Home from war, "David" (Dan Stevens), the best buddy of a dead soldier, delivers the last battlefield salutations and earns a spot at the table of his friend's grieving family. Mom (Sheila Kelly), Dad (Leland Orser), sister Anna (Maika Monroe), and little brother Luke (Brendan Meyer) welcome him initially out of some sense of duty, sure, but also because David is a perfect gentleman bursting with charm, a great haircut, and a bangin' body. It doesn't hurt that he helps Luke out with a bully problem and likes Anna's music enough that she makes him a mix CD. Already unbelievably '80s, The Guest sent me into a nostalgia euphoria by sprinkling its spot-on Drive-esque soundtrack with deep cuts from "So Alive"-era Love and Rockets and Clan of Xymox. At a certain point, it's so purely a delivery system for a different era and feeling in film that it feels like we're bearing witness to the birth of a new subgenre. Alas, it's so dependent on that familiarity, not only with the content, but also with the experiential texture of late-'80s/early-'90s "other" flicks, that I do wonder at its impact on audiences outside of a very specific demographic.

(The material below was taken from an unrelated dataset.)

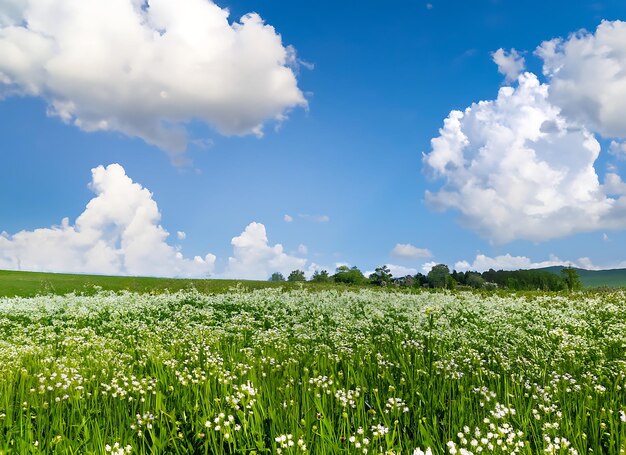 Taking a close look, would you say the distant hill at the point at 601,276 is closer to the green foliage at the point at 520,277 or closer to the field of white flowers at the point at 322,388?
the green foliage at the point at 520,277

If you're in the know, you know that David is not at all what he seems–that he's most likely the product of some kind of military super-soldier program and that his desire to help out his human buddies is born from bad wiring. It's not just Universal Soldier, in other words, it's a little bit of E.T., too; or Short Circuit. D.A.R.Y.L.?. Stevens is brilliant as this Eddie Haskell-cum-Terminator (he even emerges naked from steam at one point, like the T-800), ingratiating himself into an entirely reasonable scenario and only occasionally, in the beginning, demonstrating that little tiny bit of psychopathology that points to the picture's conclusion. The climax, in a Lady from Shanghai hall of mirrors with Anna dressed like Alice, literally through a looking glass, is pure delight. David is a killing machine in the Rambo/Lethal Weapon tradition: an all-American creation of well-tooled, cornbread, flyover violence and the mechanism through which we celebrate that. The Guest is a good time from a guy who continues to demonstrate why something works, and how, too. There aren't a lot of directors like that right now. I'm ready for him to hit one out of the park.